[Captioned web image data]
Content starts
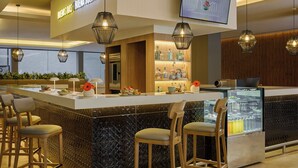 A modern bar area with a counter, bar stools, and a refrigerated display. - Fiesta Inn Monterrey Valle (San Pedro Garza García)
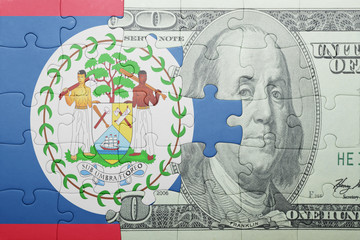 puzzle with the national flag of belize and dollar banknote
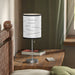 The Random Fact Table Lamp sits on a wooden nightstand by a bed with books and a remote, near green-curtained window.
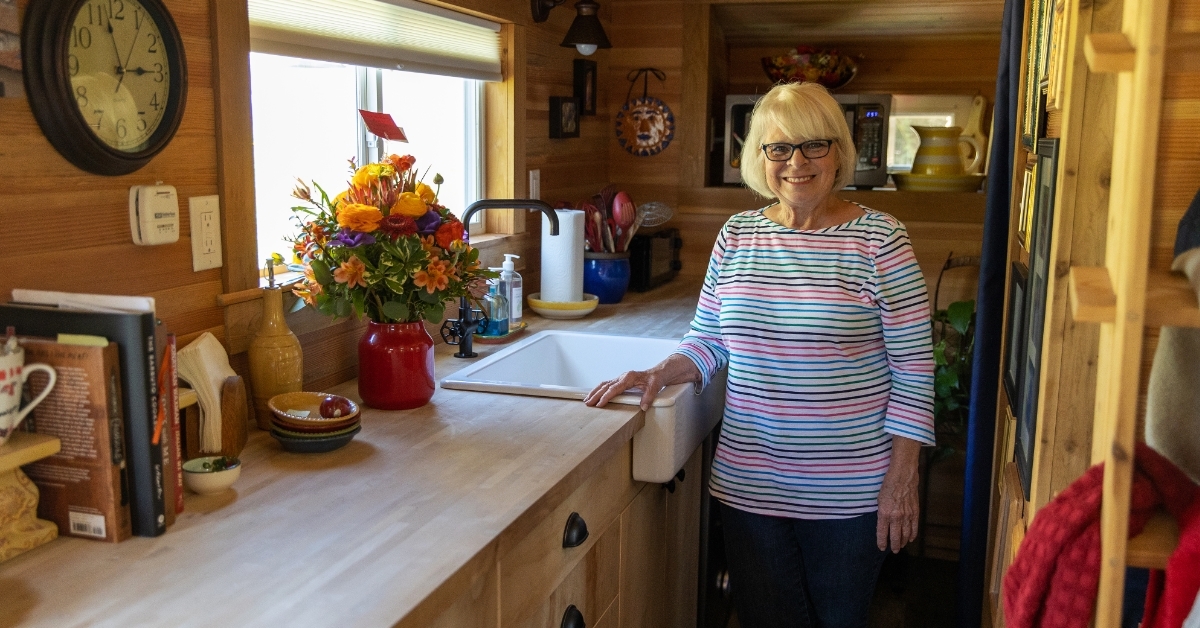 senior woman standing besides sink 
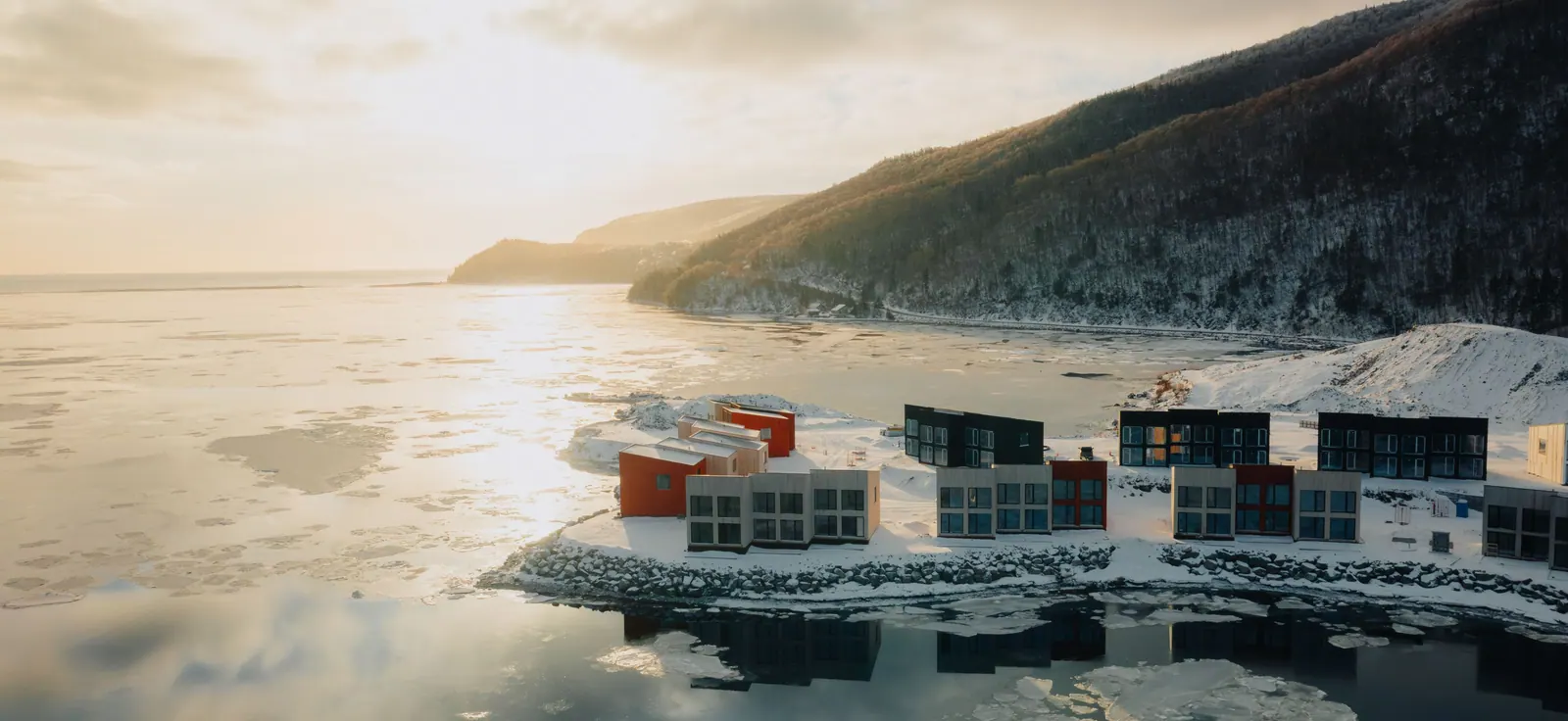 Cormorant Rock chalets on the rocky shore in winter, with Cape Smokey rising behind the bay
Content ends
> _YOUR ASSIGNMENT_:
Copy out exactly the lines that begin at the line with "The Random Fact" and end at the final line of the entries above. Leave out the pictures.

> _SOLUTION TO THE PROBLEM_:
 The Random Fact Table Lamp sits on a wooden nightstand by a bed with books and a remote, near green-curtained window.
 senior woman standing besides sink 
 Cormorant Rock chalets on the rocky shore in winter, with Cape Smokey rising behind the bay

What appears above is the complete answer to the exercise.